Growers often try to survive current crop challenges and may not have the luxury of planning for long-term climate change, said Ray Gilmer, vice president of issues management and communication for the Washington, D.C.-based United Fresh Produce Association. Gilmer said water is a dominant issue for California growers.
“If they don’t get the water problem solved, the long-term challenge isn’t anything they can necessarily need to worry about because they might not be in business any more,” he said.

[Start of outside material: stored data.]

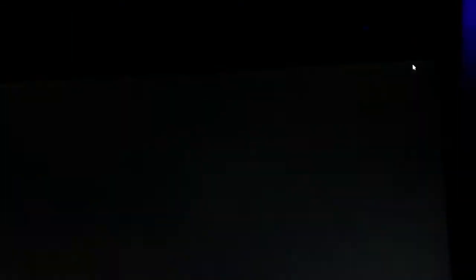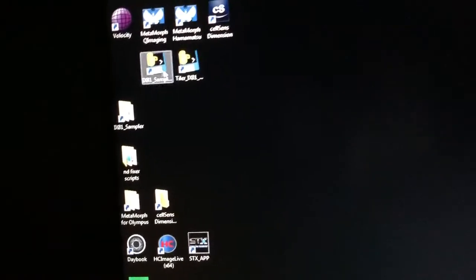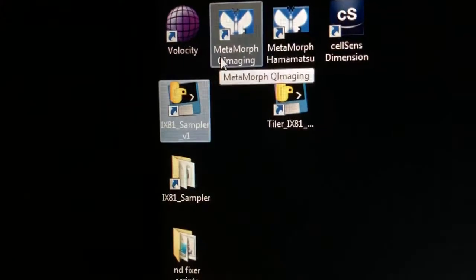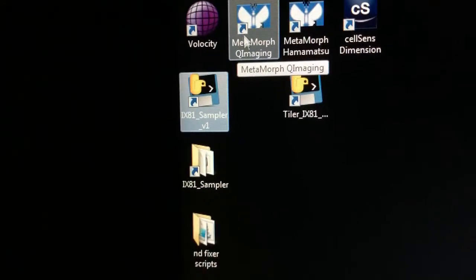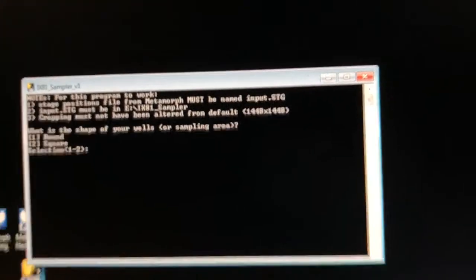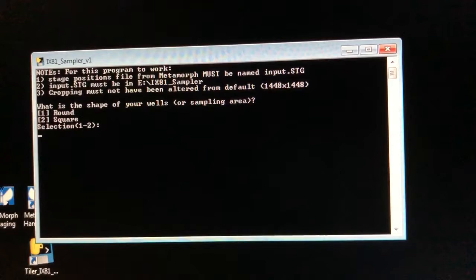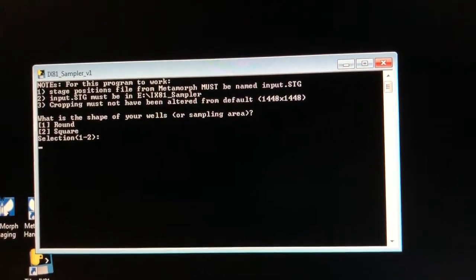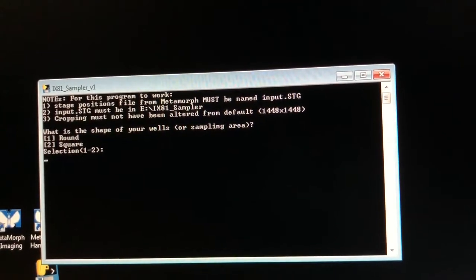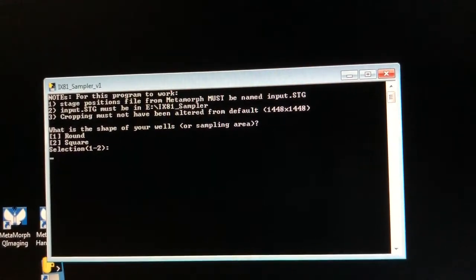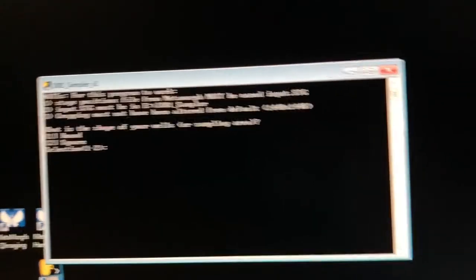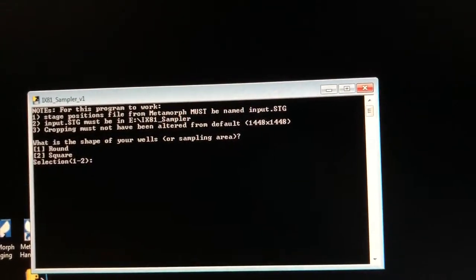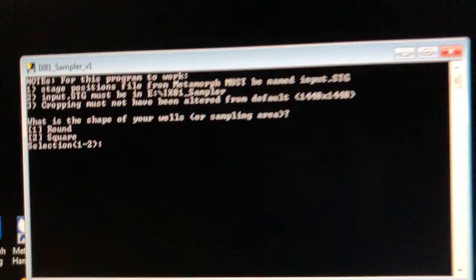And now we're going to go to the desktop and you can see there's this ix81 sampler. Show you here. It has kind of a weird icon. We double click there. It's text-based and it's going to ask you a bunch of questions. So it says for this program to work, stage positions file for metamorph must be named input.stg. It should be in that folder that it says there. And cropping should not have been altered from the default. So if all those conditions are met, which they are, now we can start answering the questions in this macro.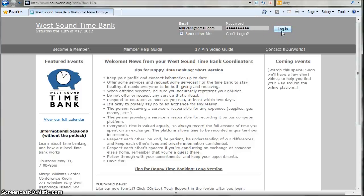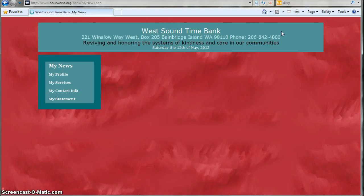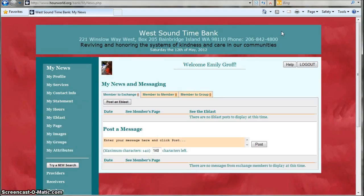Once you've entered your information, click Login and it'll take you to your news and messaging page. Thank you for watching!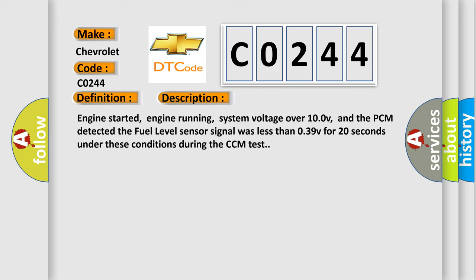Engine started, engine running, system voltage over 10.0 V, and the PCM detected the fuel level sensor signal was less than 0.39 V for 20 seconds under these conditions during the CCM test.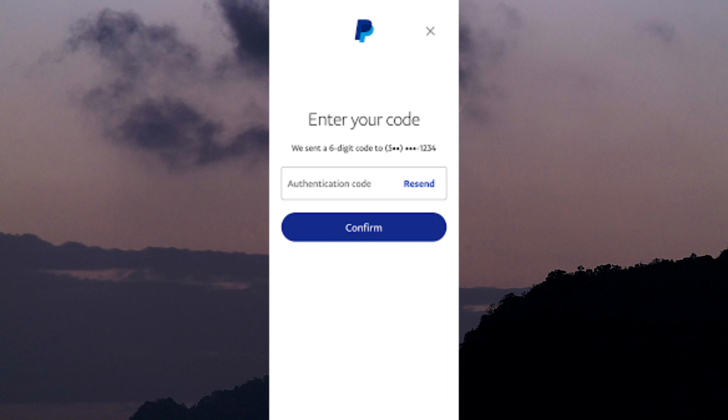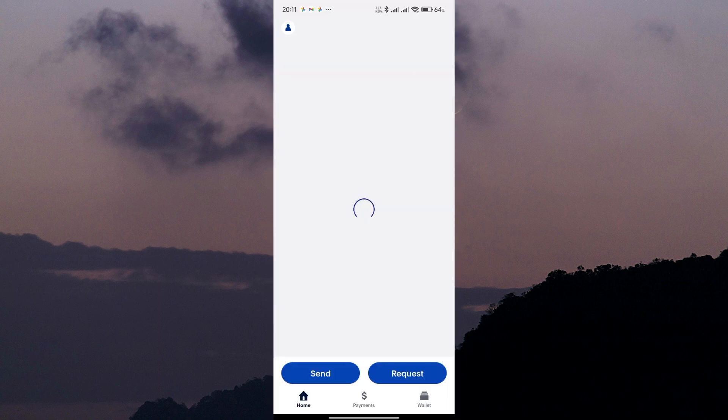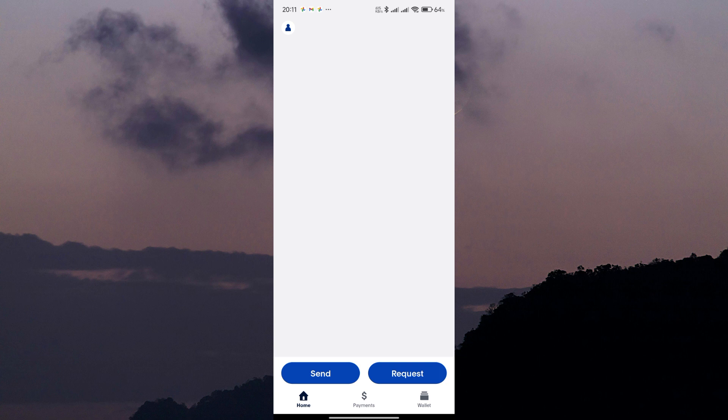If you've tried the above steps and still haven't received the code, it's time to reach out to PayPal's customer support. You can contact them through the app or website and explain the issue. They'll be able to assist you further and may provide alternative verification methods.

According to the report, there are “multiple lines of independent evidence” that confirm that human activities are the primary cause of the global warming of the past 50 years. Burning of coal, oil, and gas, and clearing of forests have boosted carbon dioxide levels in the atmosphere by more than 40% since the Industrial Revolution, according to the report. The U.S. average temperature has increased by 1.3°F to 1.9°F since 1895, and most of this increase has occurred since 1970.
Temperatures are projected to rise another 2°F to 4°F in most areas of the U.S. in the next few decades, and by 2100 temperatures could rise by 3°F to 5°F under a lower emissions scenario and as much as a 5°F to 10°F rise for a higher emissions scenario, according to the report.
In California, the combination of a longer frost-free season, less frequent cold air outbreaks, and more frequent heat waves will accelerate crop ripening and maturity, reduce yields of corn, tree fruit, and wine grapes and increase irrigation use.